DATA SECTION START

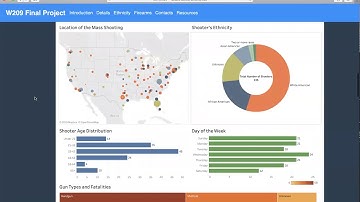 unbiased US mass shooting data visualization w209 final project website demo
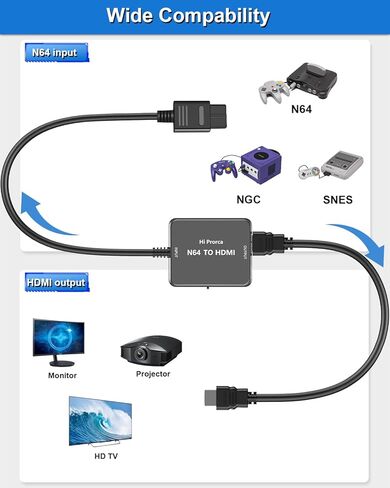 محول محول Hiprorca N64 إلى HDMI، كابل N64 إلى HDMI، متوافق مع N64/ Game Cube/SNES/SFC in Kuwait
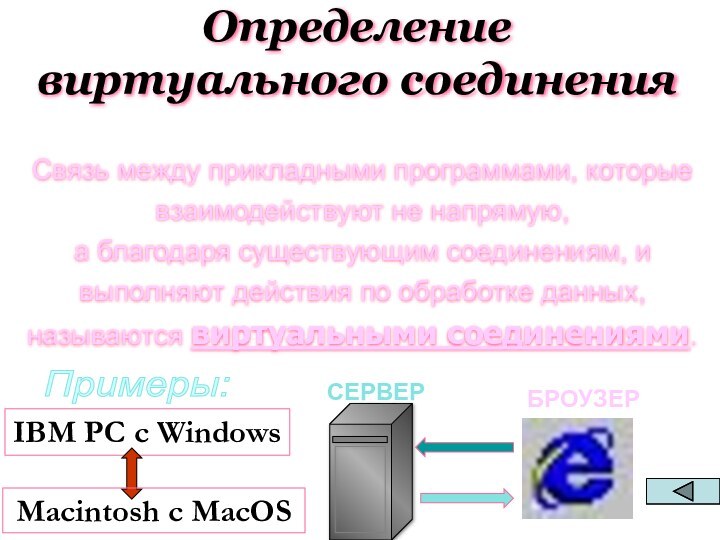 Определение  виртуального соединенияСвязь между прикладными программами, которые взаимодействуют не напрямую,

DATA SECTION END
DATA SECTION START

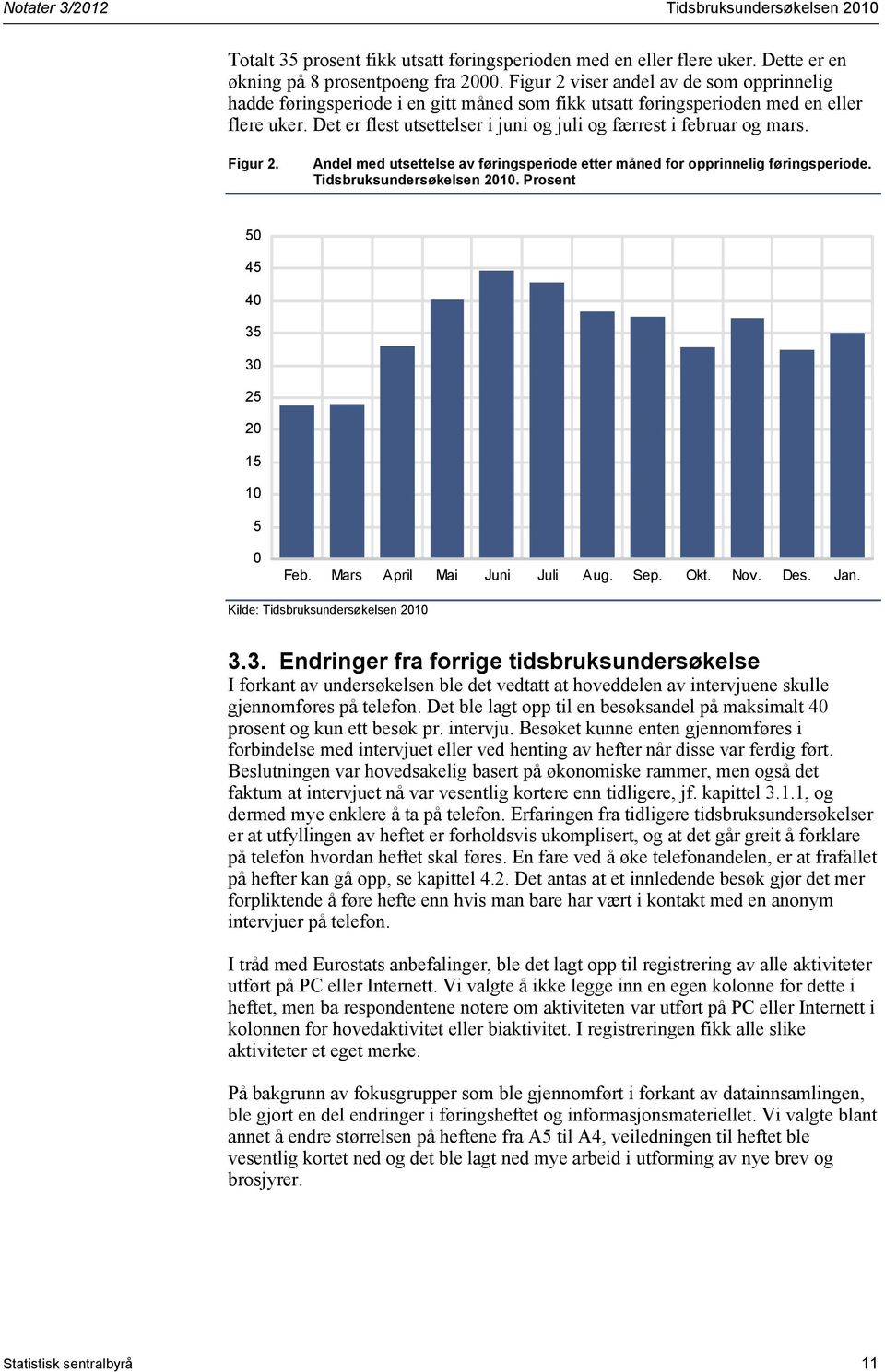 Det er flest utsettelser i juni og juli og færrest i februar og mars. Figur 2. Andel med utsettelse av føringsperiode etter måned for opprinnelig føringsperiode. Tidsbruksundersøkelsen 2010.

DATA SECTION END

TRY IT -
What do the entries above read from the line containing "محول محول Hiprorca" through the line containing "виртуального соединенияСвязь между"? Output those lines exactly, both ends included, with the pictures left out.

WRITTEN SOLUTION -
 محول محول Hiprorca N64 إلى HDMI، كابل N64 إلى HDMI، متوافق مع N64/ Game Cube/SNES/SFC in Kuwait
 Определение  виртуального соединенияСвязь между прикладными программами, которые взаимодействуют не напрямую,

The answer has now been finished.